Pejabat Humas PN Jakarta Selatan Djuyamto menyatakan, sidang yang tetap digelar selama aksi cuti massal itu adalah perkara-perkara yang masa tahanannya akan berakhir.
“Ada beberapa sidang (yang tetap berjalan) karena (masa) tahanan mepet,” kata dia, dilansir dari KompasTV, Senin. Lantas, mengapa hakim se-Indonesia melakukan aksi cuti massal?
Alasan hakim se-Indonesia cuti massal
Juru Bicara Gerakan Solidaritas Hakim Indonesia (SHI), Fauzan Arrasyid menyampaikan, ribuan hakim di Indonesia melakukan aksi cuti massal selama lima hari sebagai bentuk protes karena pemerintah dinilai belum memprioritaskan kesejahteraan hakim, salah satunya soal aturan penggajian.
Dilansir dari Kompas.com (3/10/2024), gaji dan tunjangan hakim saat ini mengacu pada Peraturan Pemerintah (PP) Nomor 94 Tahun 2012.
Sejak PP tersebut ditetapkan pada 2012, hingga kini gaji dan tunjangan para hakim di Indonesia tidak pernah naik.

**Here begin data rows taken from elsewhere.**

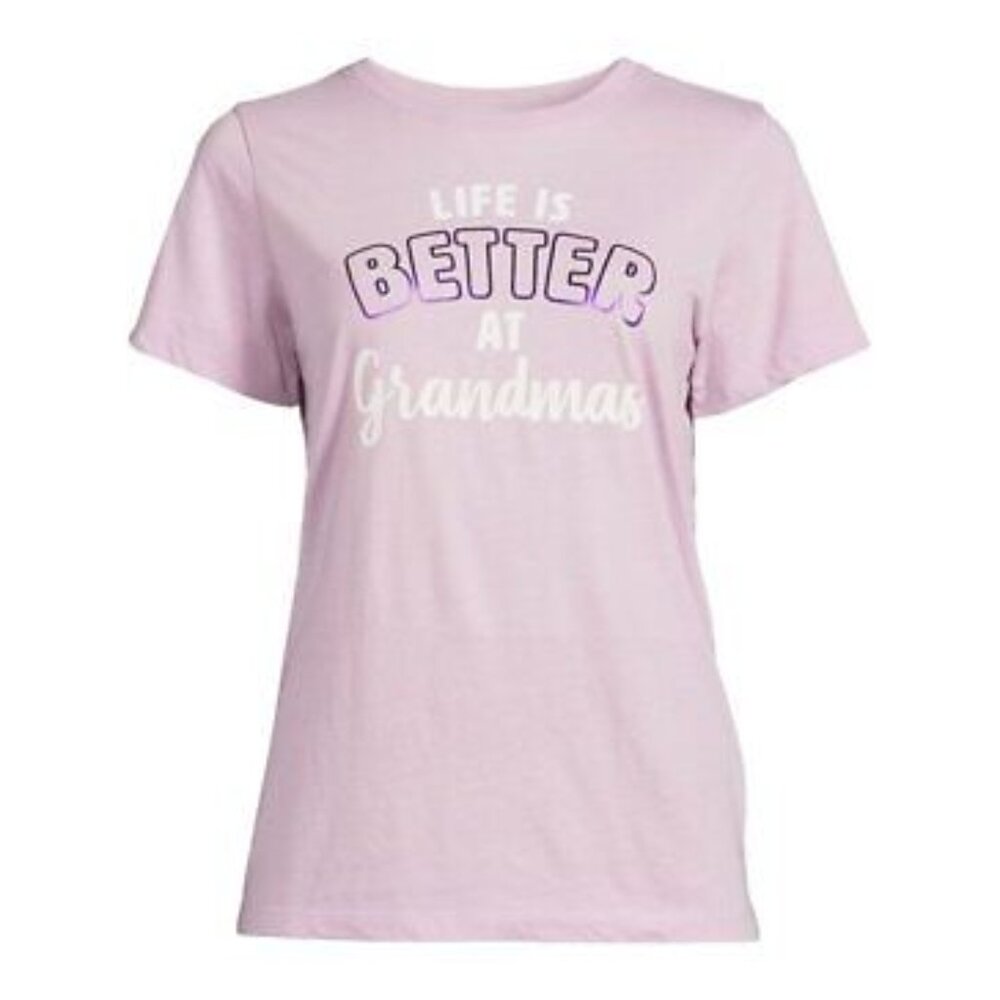 Way To Celebrate Women's Shirt Small Purple Short Sleeve Crew Neck Graphic Tee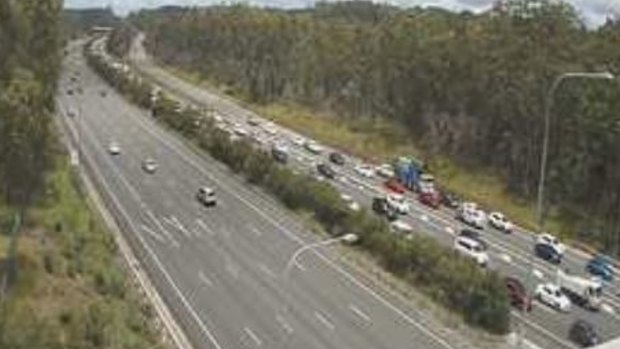 Northbound congestion on the M1 stretched back about six kilometres by 12.30pm.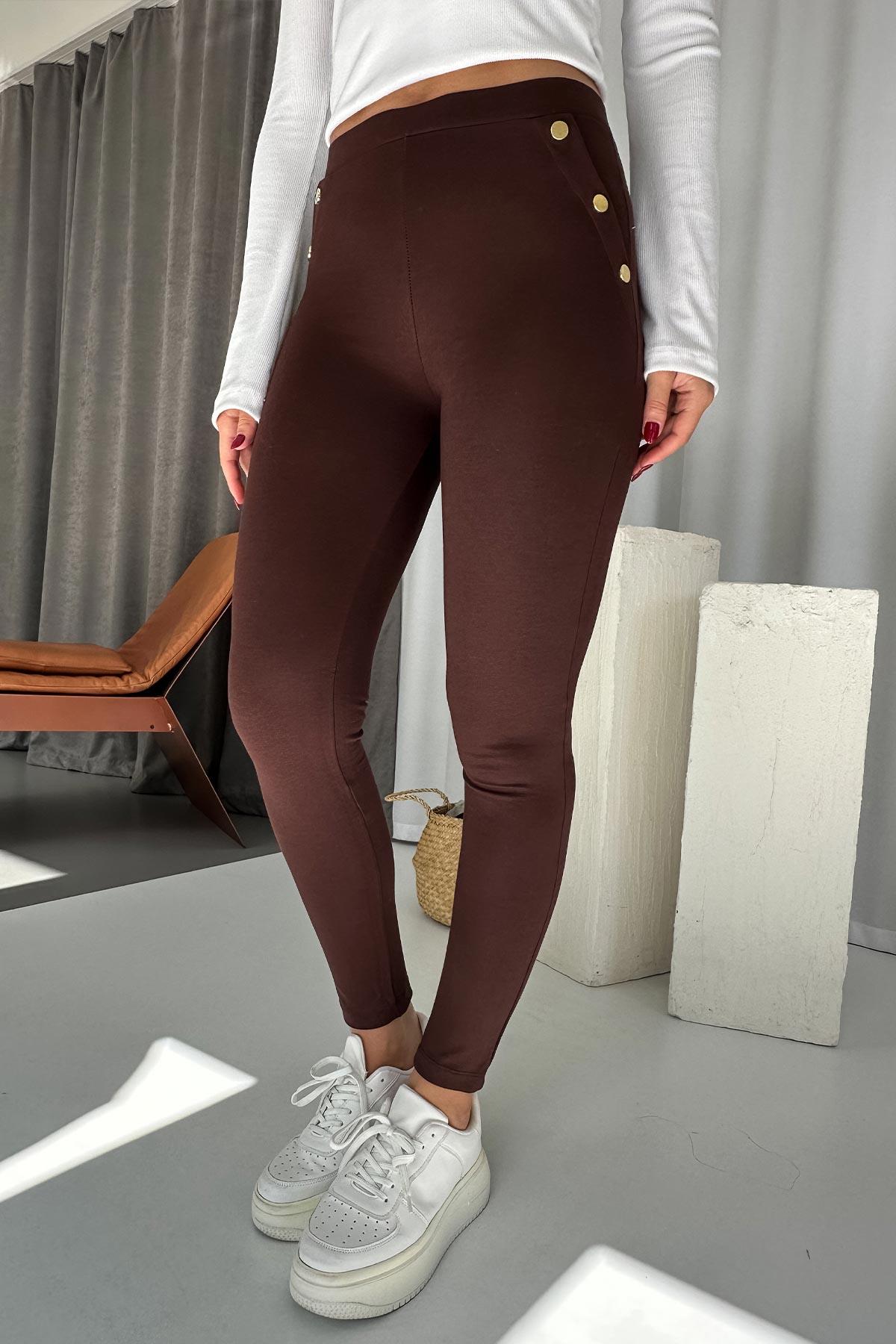 Yüksek Bel Gold Düğme Detay Kadın Tayt - Kahverengi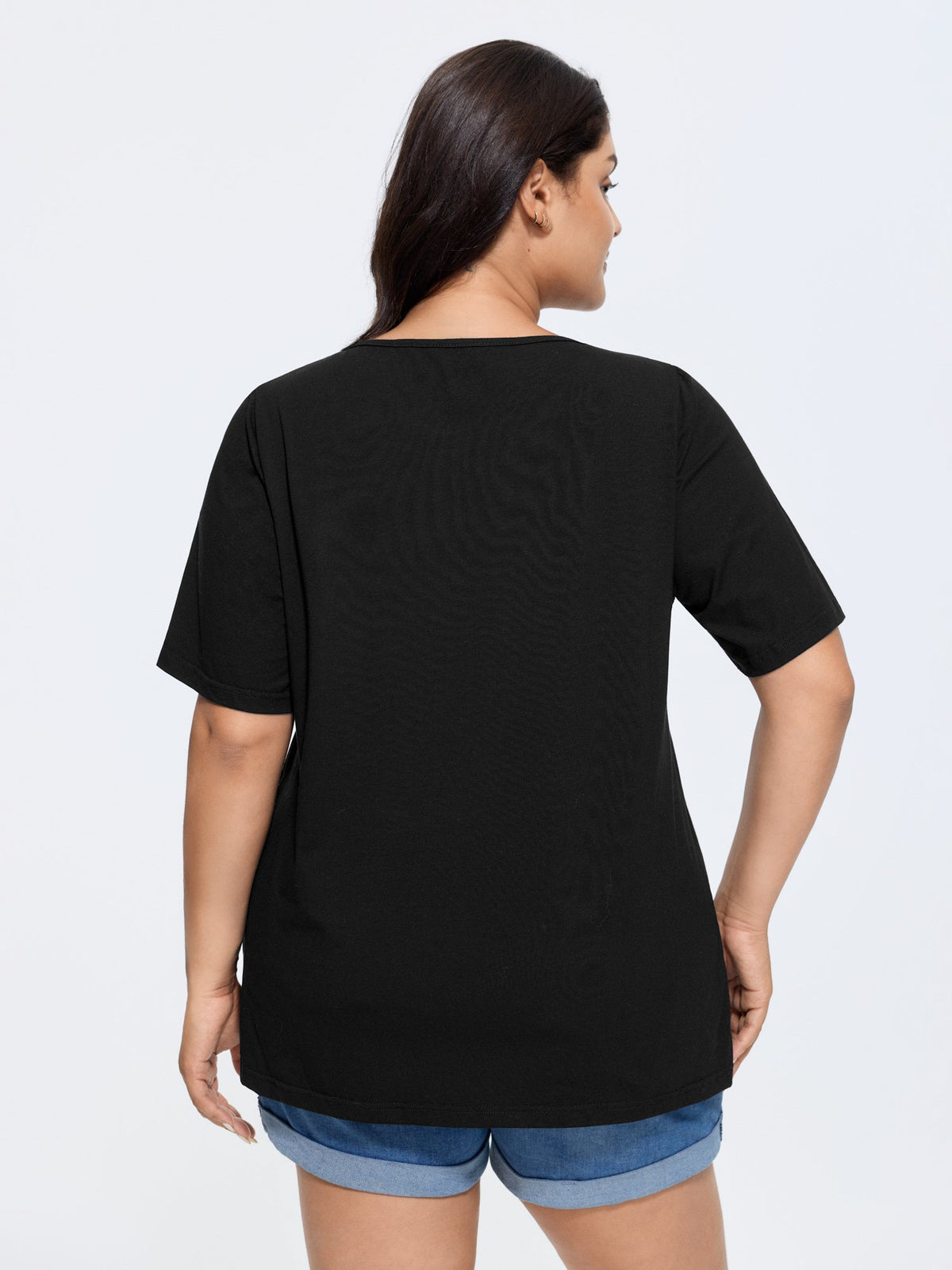 Plus Size Cotton V-Neck T-Shirt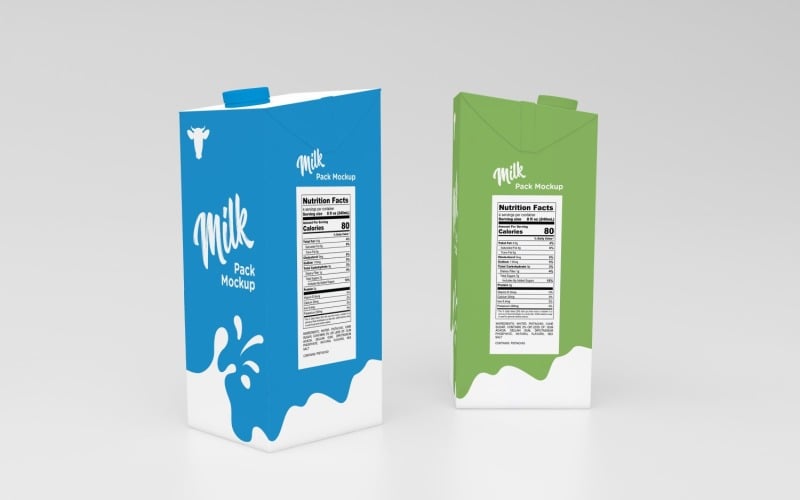Шаблон макета картонной коробки объемом один литр в 3D-упаковке из двух пакетов молока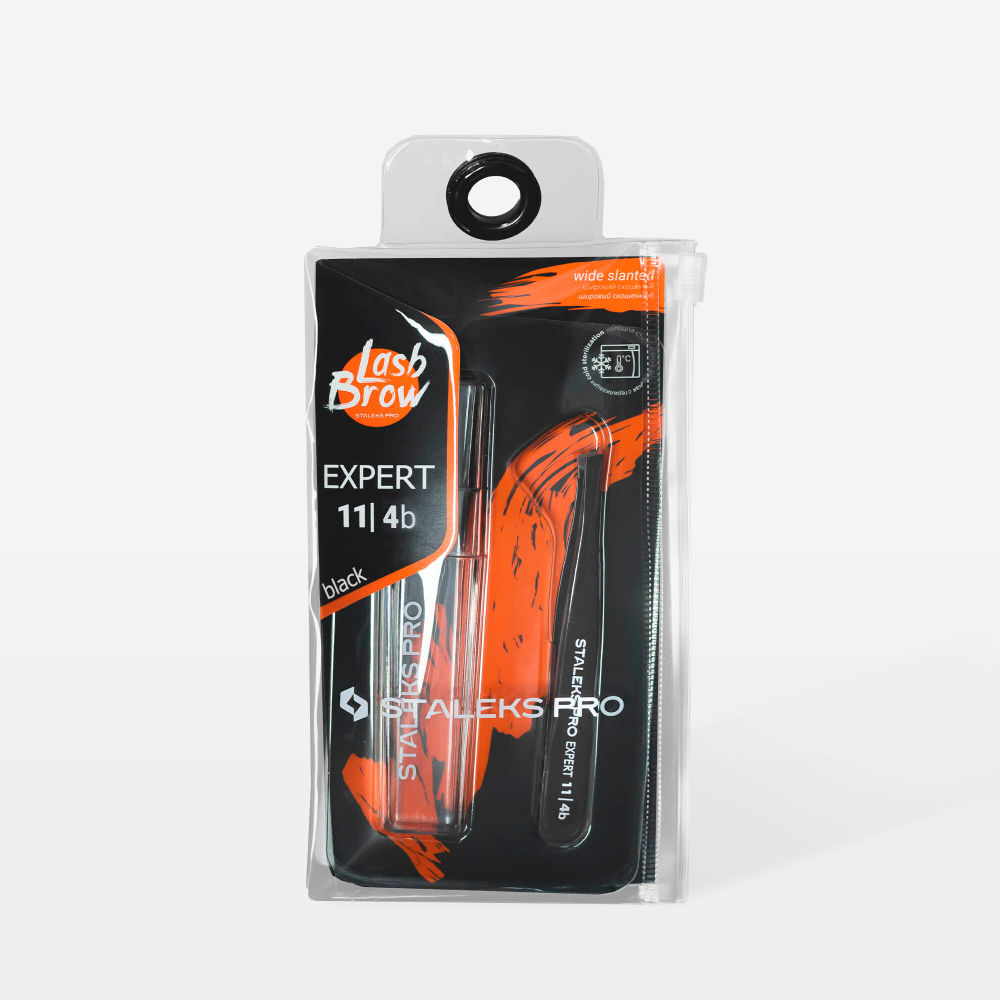 Пинцет EXPERT 11 TYPE 4мм (П-49) узкие скошенные кромки Черный (TE-11/4) СТАЛЕКС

Padahal, kajian Solidaritas Hakim Indonesia (SHI) menunjukkan, dengan rata-rata inflasi sebesar 4,1 persen per tahun, tunjangan jabatan hakim yang layak untuk tahun 2024 adalah 242 persen dari tunjangan jabatan tahun 2012.
“Akibatnya, banyak hakim yang merasa bahwa penghasilan mereka tidak lagi mencerminkan tanggung jawab dan beban kerja yang mereka emban,” kata Fauzan.
Berdasarkan aturan di atas, gaji pokok hakim berkisar antara Rp 2 juta hingga Rp 4 juta. Namun, untuk mencapai gaji Rp 4 juta, hakim Golongan III harus mengabdi setidaknya selama 30 tahun.
Sementara hakim Golongan IV harus mengabdi selama 24 tahun untuk mendapatkan gaji pokok Rp 4 juta.
Adapun tunjangan hakim di Indonesia diatur dalam Lampiran II PP No 94/2012 yang menyatakan bahwa tunjangan hakim paling rendah adalah Rp 8,5 juta untuk hakim pratama di pengadilan kelas II.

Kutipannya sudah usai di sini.